In this present embodiment, the damper 3 can be firmly screwed to the hole 4 by engaging the thread of the shank 3B with helical groove of the main portion 4B of the hole 4 from an outer side of the head main body 2. At this time, the head 3B of the damper 3 is received in the socket portion 4A of the hole 4 without protruding from the outer surface of the turnup wall 2c. Further, since the head 3A of the damper 3 is closely contacted with the socket portion 4A, it is possible to firmly position the damper 3 in an axial direction. Above all, it is preferable that a peripheral surface of the head 3A is closely contacted with the socket portion 4A.

In this present embodiment, the head 3A of the damper 3 is formed in a disk shape. Further, the socket portion 4A of the hole 4 is formed by a circular hole so that the head 3A can be disposed therein. The head 3A of the damper 3 is provided with a slot 6 for rotating the detachable part 3 by a screwdriver. Since the head 3A of the damper 3 is visible from an outer portion, the slot 6 preferably comprises, for example, a plurality of (five in the present embodiment) concave portions 5 being uniformly disposed in the circumferential direction on its outer surface, in place of a plus screw or a minus screw. Such a slot 6 serves for improving the design of the club head 1. Further, the damper 3 can be screwed to the hole 4 by using a special tool TL having convex portions 7 corresponding to the concave portions 5. Accordingly, it is possible to easily install, detach and replace the parts 3, for example, by a golfer buying this club. Also, by strongly screwing the damper 3 to the hole 4, the thread of the damper 3 is closely engaged with the helical groove, and is brought into contact with the head main body 2 in a state of being exposed to a stress.
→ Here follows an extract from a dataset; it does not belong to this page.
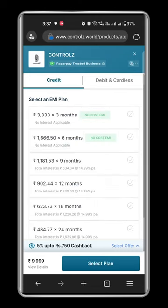Now check your eligibility and avail the plan. Post everything is confirmed, you can place your order.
Accordingly, the vibration of the head main body 2 generated at a time of hitting a ball is efficiently transmitted to the damper 3b via the hole 4.

Further, the damper 3 is made of elastic material at least partially for absorbing vibration of the head main body 2. Accordingly, the damper 3 can convert the vibration transmitted from the head main body 2 into a thermal energy on the basis of its own internal friction or the like, and damps the vibration of the head main body 2 quickly. Accordingly, the club head 1 in accordance with the present embodiment can provide an improved hitting feeling.

As the damper 3, a non-metal material, for example, a rubber, an elastomer, a resin and the like is preferably used.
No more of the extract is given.